In the past few years, the artist has shaped dozens of so-called alaia boards, which lack fins and so present a high degree of difficulty. They're inscribed with Beatles lyrics, an autobiographical touch drawing on Vu's experience as a child in Vietnam in the '60s and early '70s during the war, where a GI introduced him to the band when he was helping to find boards for the soldiers.
Decades later, the country's rightward swing, said Vu, says something sad and scary about the US.
"How do we find common ground again?" he said. "Can art do that? I'm hoping. I'm praying. Maybe you and someone who is politically on the right could sit out there and have the same experience and have a conversation."

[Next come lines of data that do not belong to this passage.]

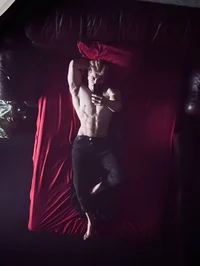 Твой любимый блогер 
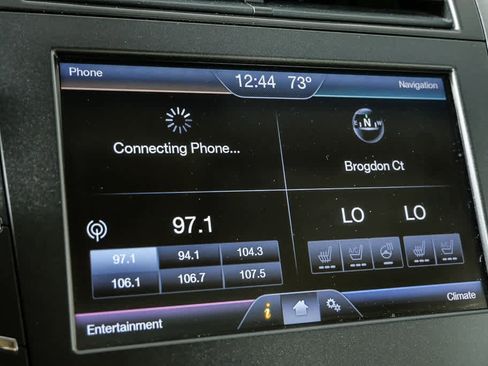 Used 2013 Lincoln MKZ FWD image 19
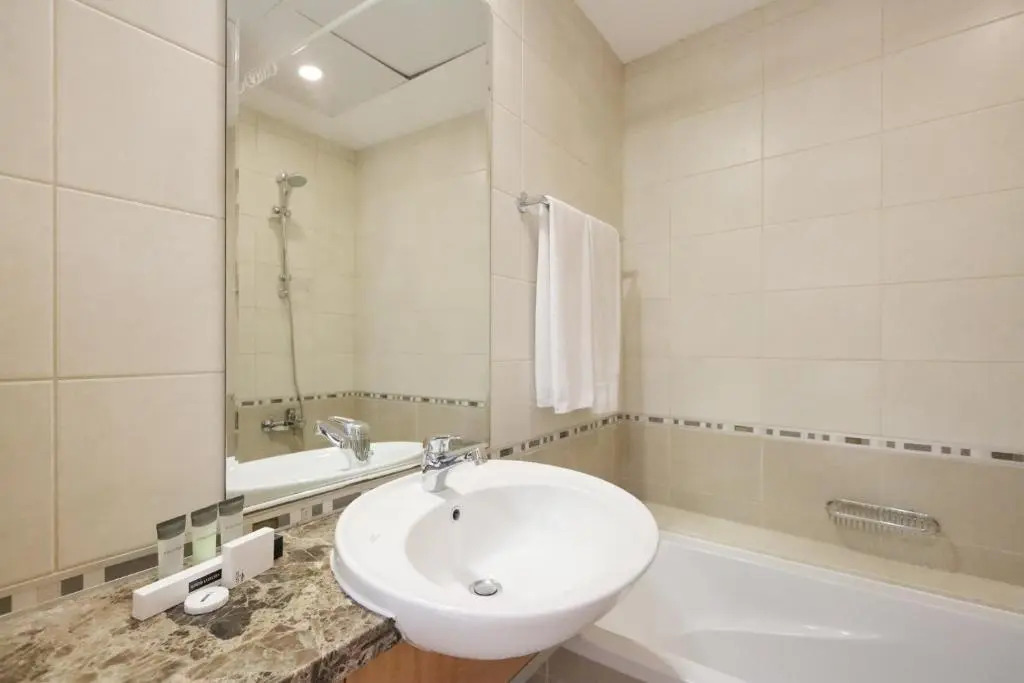 Dubai Marina 3 Bedroom Suite with Full Marina View
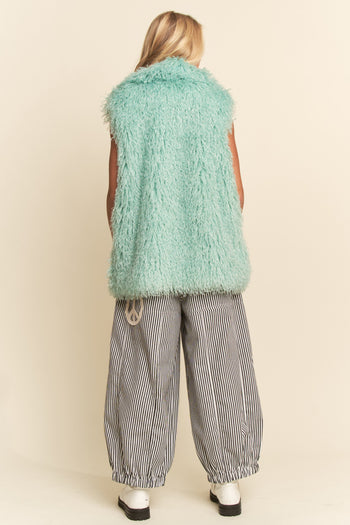 Davi & Dani Shaggy Faux Fur Vest in Mint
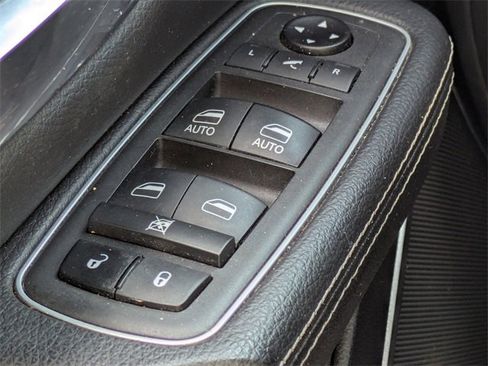 Used 2021 RAM 1500 Laramie image 30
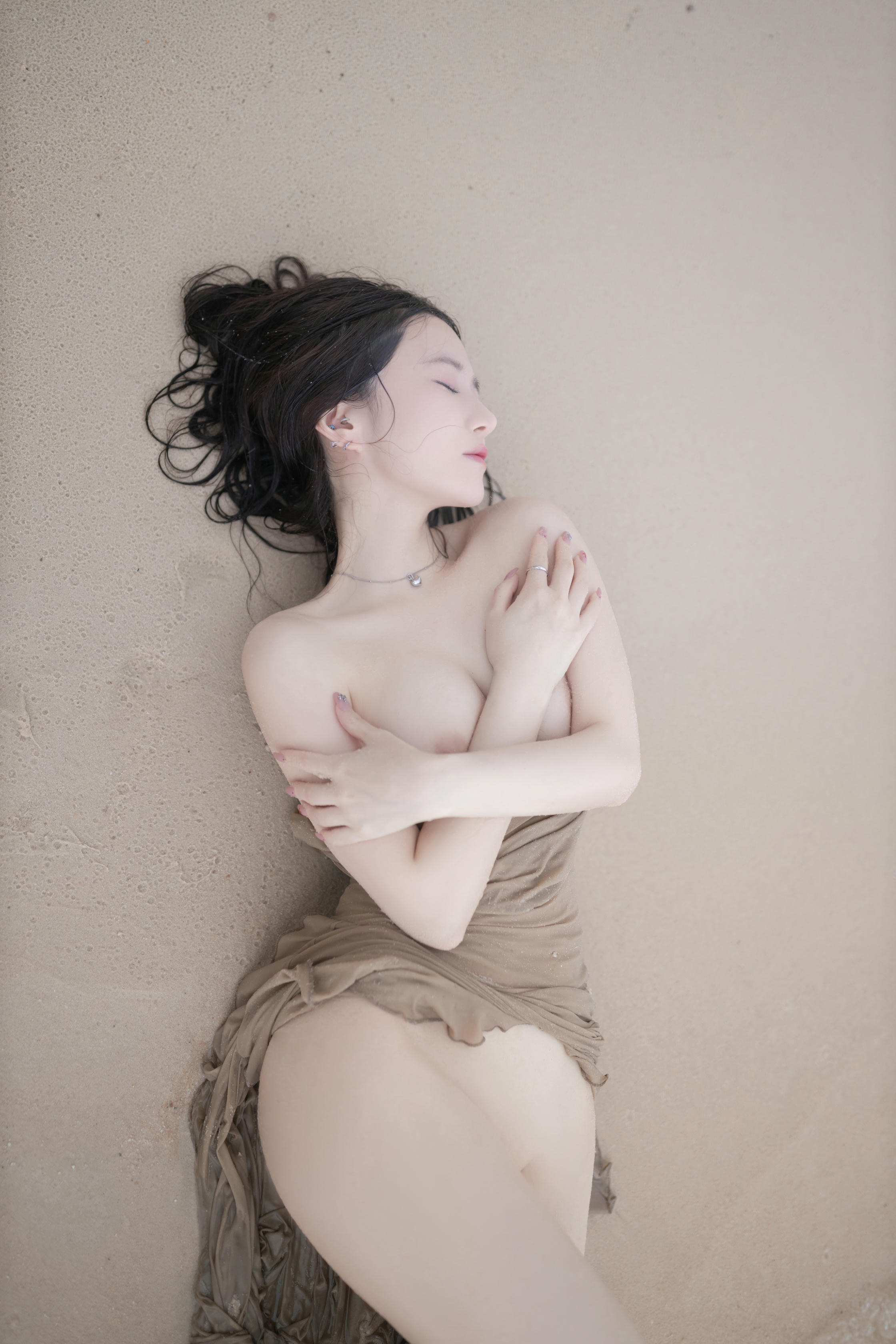 鱼子酱Fish NO.113 内购无水印 雨后海滩 [107P 1.15 GB]_第6集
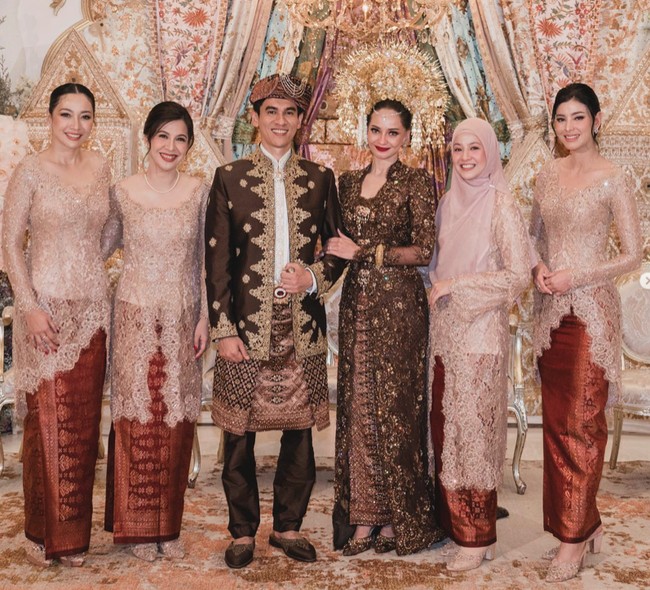 Saat menghadiri pernikahan Enzy Storia, Natasha Rizky juga memilih scarf segi empat untuk tetap syar’i namun cantik dan anggun. Natasha Rizky berpose bersama pengantin tanpa didampingi Desta. Foto: Instagram @natasharizkynew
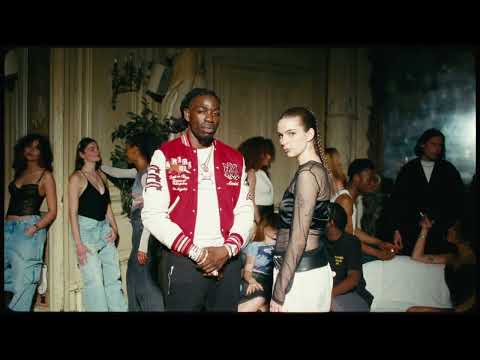 Adèle Castillon ft. Gazo - Ce soir (Lyrics Video)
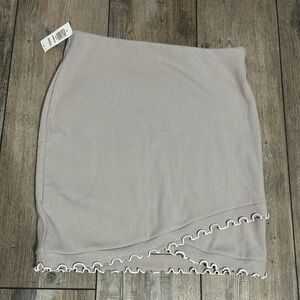Aritzia Sunday Best Primrose Ashen/White Cendre/Blanc stretch Skirt NWT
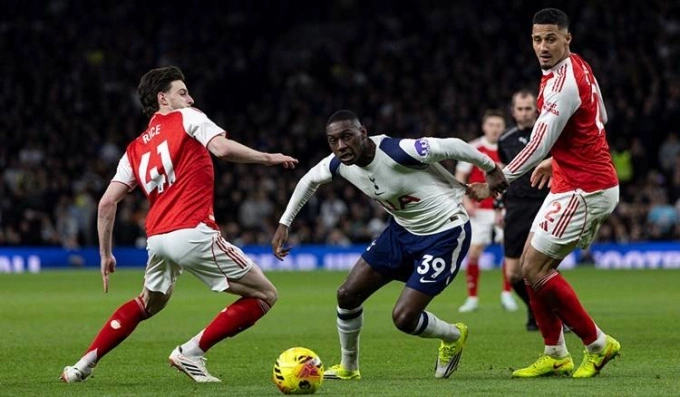 Kolo Muani (tengah) mengalahkan Declan Rice (kiri) di Tottenham 1-4 Arsenal di babak ke-27 Liga Premier pada malam 22 Februari. Foto oleh: Tottenham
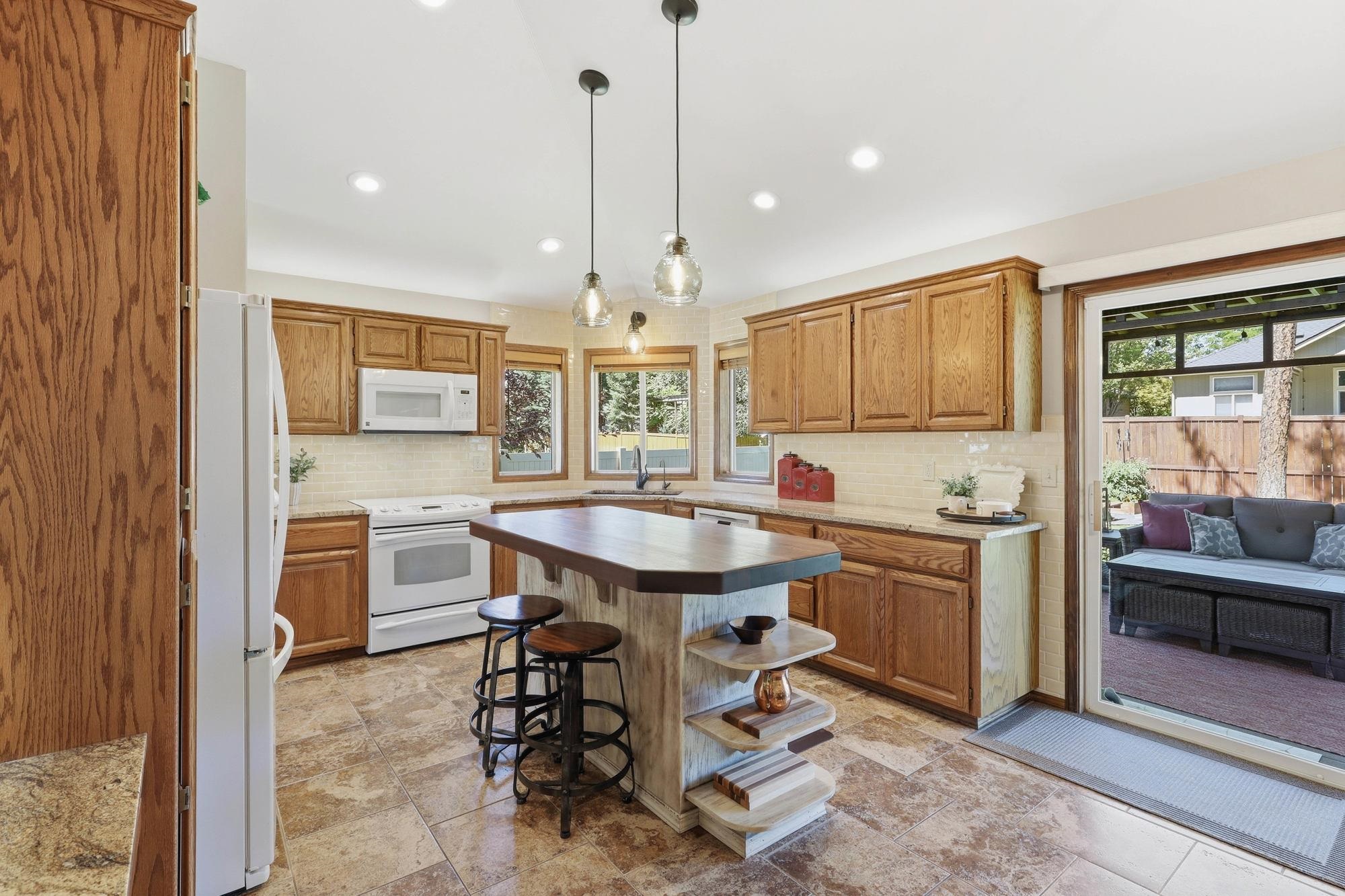 1013 E Blackhawk Dr - Photo 15
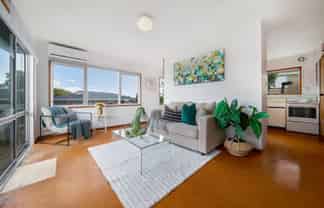 2/114 Eban Avenue, Hillcrest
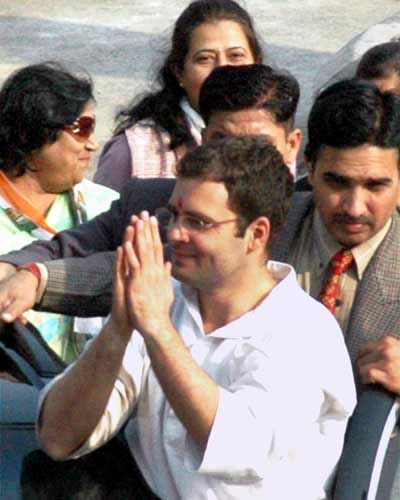 Rahul campaigns in Vadodara 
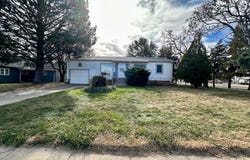 527 W 12th St, Goodland, KS 67735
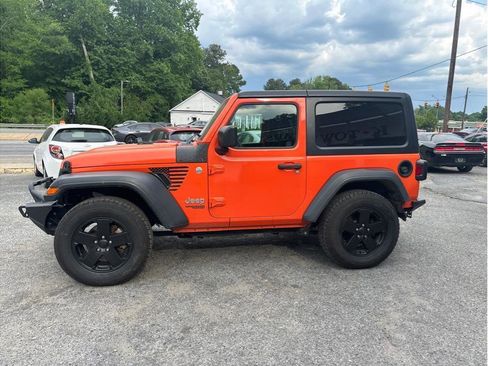 Used 2018 Jeep Wrangler Sport AWD/4WD image 4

But even Vu voiced some doubts about the project's efficacy.
"Is that too romantic?"
In the past two days, not too many fair-goers had taken advantage of the project, Vu said, despite the fair temperature in Miami right now. Maybe they don't want to embarrass themselves trying something new, surrounded by onlookers.
However, he praised this reporter for lack of inhibition: "Obviously you don't give a shit!"
DO WE DREAM UNDER THE SAME SKY runs from 2:00-4:00 p.m. on Wednesday, November 30, through Saturday, December 3, at Untitled, Ocean Drive and 12th Street, Miami Beach.